* _Task goal_: Exact copy required. Repeat the records, but keep the pictures out.
**** The data ****
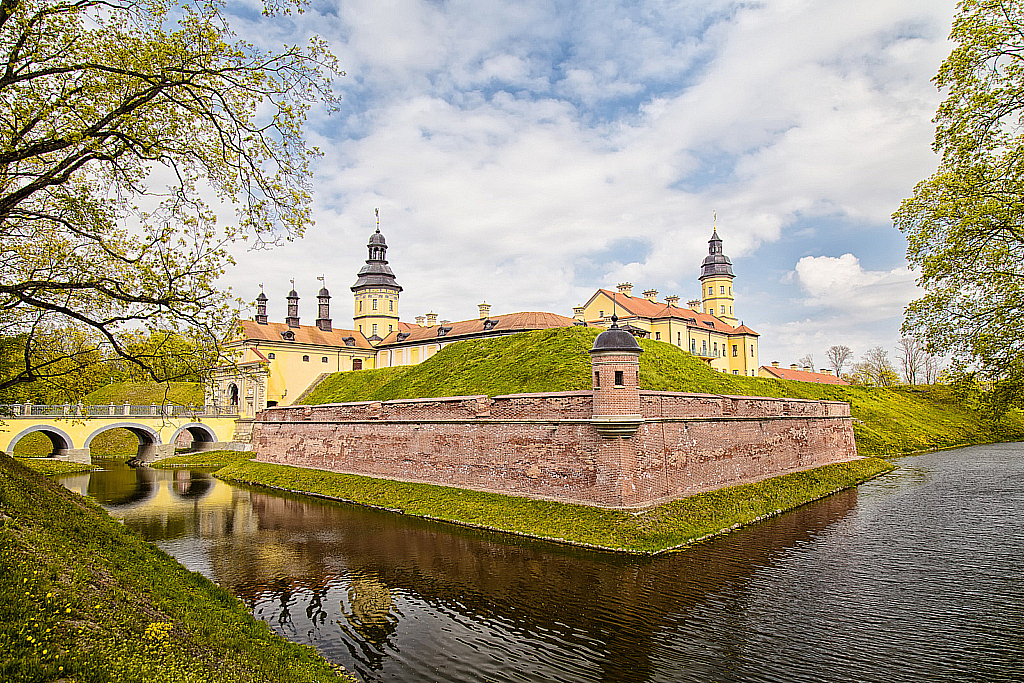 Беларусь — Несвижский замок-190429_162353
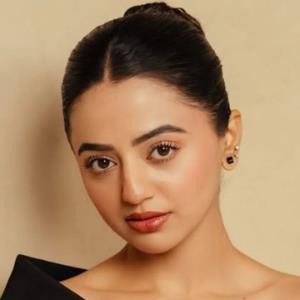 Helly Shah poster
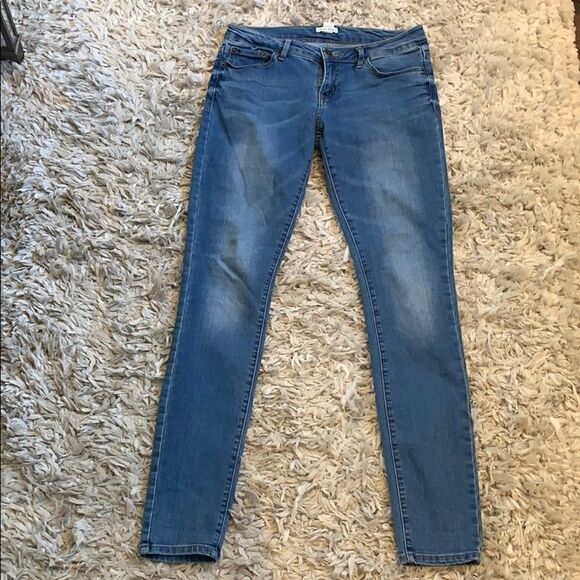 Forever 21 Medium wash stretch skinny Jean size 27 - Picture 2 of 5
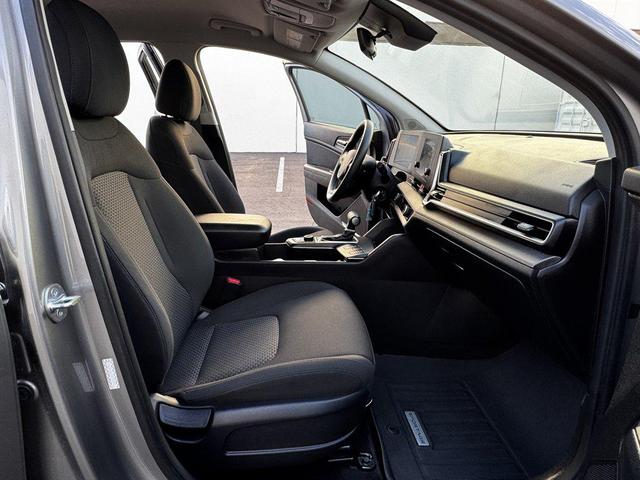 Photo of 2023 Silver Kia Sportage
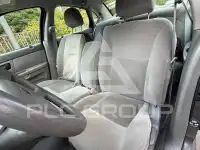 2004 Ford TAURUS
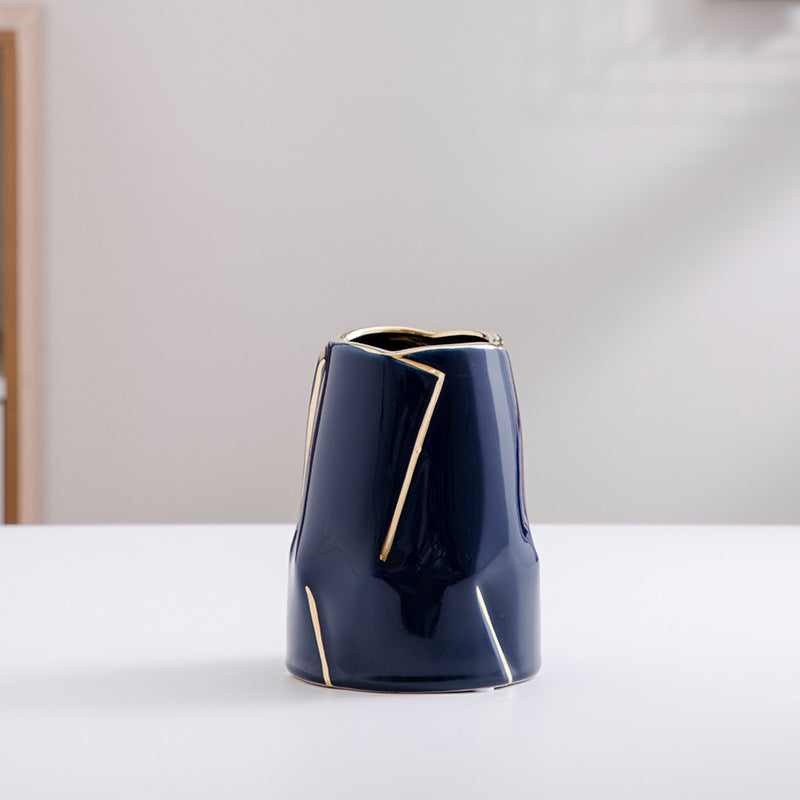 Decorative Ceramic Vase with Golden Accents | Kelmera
****
* _Task solution_:
 Беларусь — Несвижский замок-190429_162353
 Helly Shah poster
 Forever 21 Medium wash stretch skinny Jean size 27 - Picture 2 of 5
 Photo of 2023 Silver Kia Sportage
 2004 Ford TAURUS
 Decorative Ceramic Vase with Golden Accents | Kelmera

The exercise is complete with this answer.